L’un des bons points de ce roman, cependant, est qu’il annonce pour les éditions du Seuil l’abandon de ces affreuses couvertures blanches et rouges qu’ils avaient confectionnées pour leur collection Thrillers, afin d’adopter le même graphisme que leur collection Policier. Pourquoi aller dans le blanc quand on fait déjà si bien dans le noir?


(Critique écrite pour Alibis, printemps 2009)

Nous ne sommes rien, soyons tout! de Valerio Evangelisti


(Noi saremo tutto, 2004)
Rivages/Thriller, 2008, 385 p.

Vie et survie d’un mouchard

Dans les années vingt, le jeune Eduardo Lombardo traîne sur le port de Seattle et se fait recruter par un homme mystérieux. Son travail, apprend-t-il, sera de se tenir au courant des agitations des dockers et de cibler les chefs. Lombardo vieillit, change son nom pour Florio afin de se dissocier de sa famille communiste et devient dirigeant syndical de l’International Longshoremen’s Association. Il n’y a pas de meilleur poste pour se tenir au courant. Florio passera de Seattle à San Francisco pour finalement se retrouver à New York, où il dirigera un impressionant territoire portuaire au New Jersey. Cependant, la deuxième guerre mondiale, surtout sa fin, fera s’écrouler l’empire de Florio.

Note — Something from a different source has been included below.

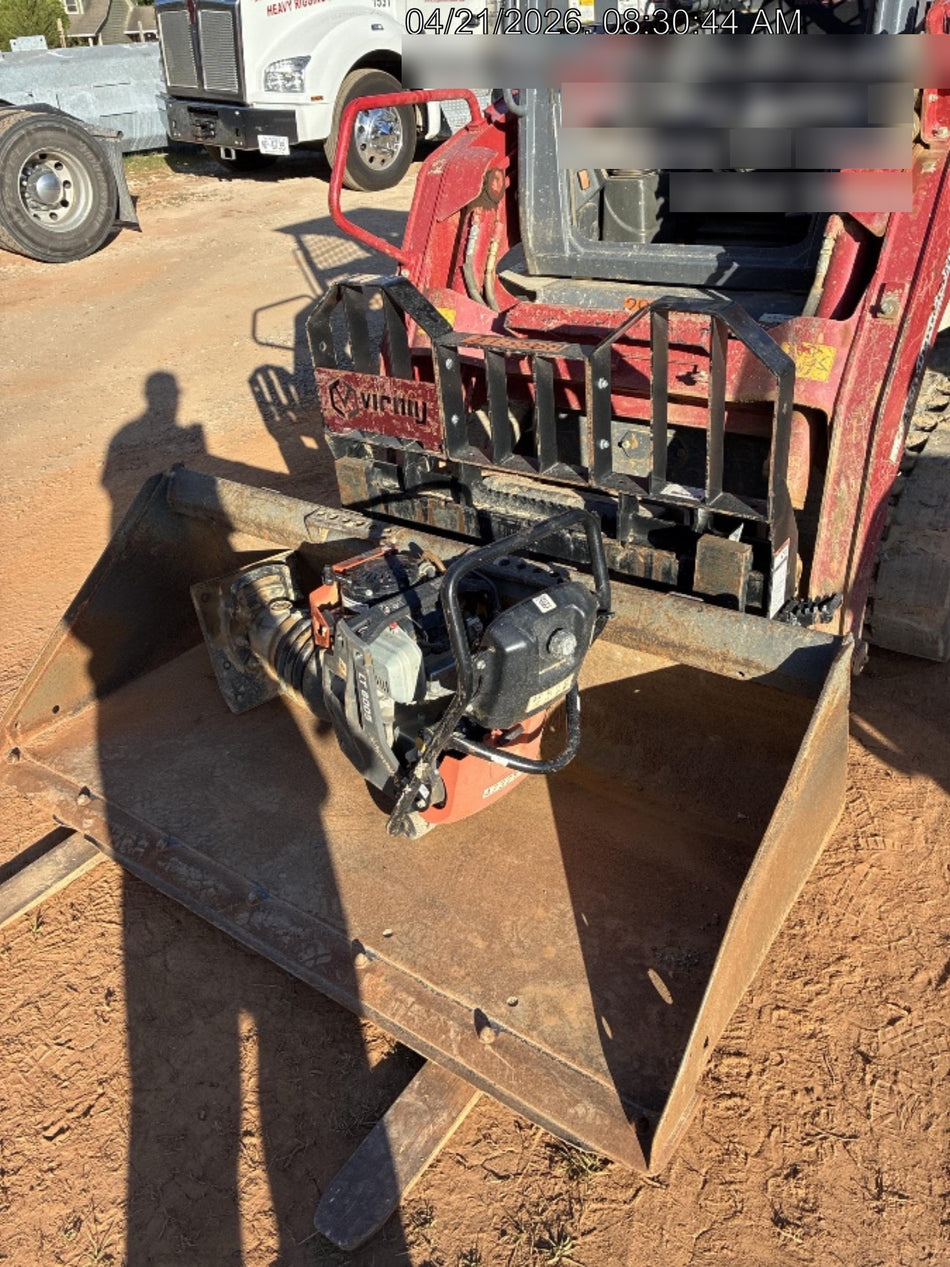 2023 TAKEUCHI TL8R2-R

Nous ne sommes rien, soyons tout! retrace l’ascension et la déchéance d’un mouchard professionnel au service de la mafia, sous les couverts de la lutte pour le peuple et, principalement, du patriotisme et de la chasse aux communistes. Personnage odieux, dégoutant et sans aucune morale, Florio rejette et déteste sa famille, sans pour autant s’en éloigner en totalité. En témoignent les meurtres de ses deux femmes, de l’un de ses frères, son indifférence envers ses enfants, puis le fantasme douteux qu’il entretient pour sa jeune nièce ainsi que pour sa belle sœur, qu’il finit par vendre à un ancien collègue qui dirige un bordel à Cuba. Pervers confirmé, Florio va bien malgré lui à l’encontre des règles d’éthique de la mafia en ce qui concerne la famille : une femme qui ne manque de rien, des enfants en santé, une image implacable, et pour les folies, on va voir les putes. Ses écarts sexuels et violents lui feront perdre la confiance des dirigeants pour finir plus bas que lorsqu’il n’était encore rien.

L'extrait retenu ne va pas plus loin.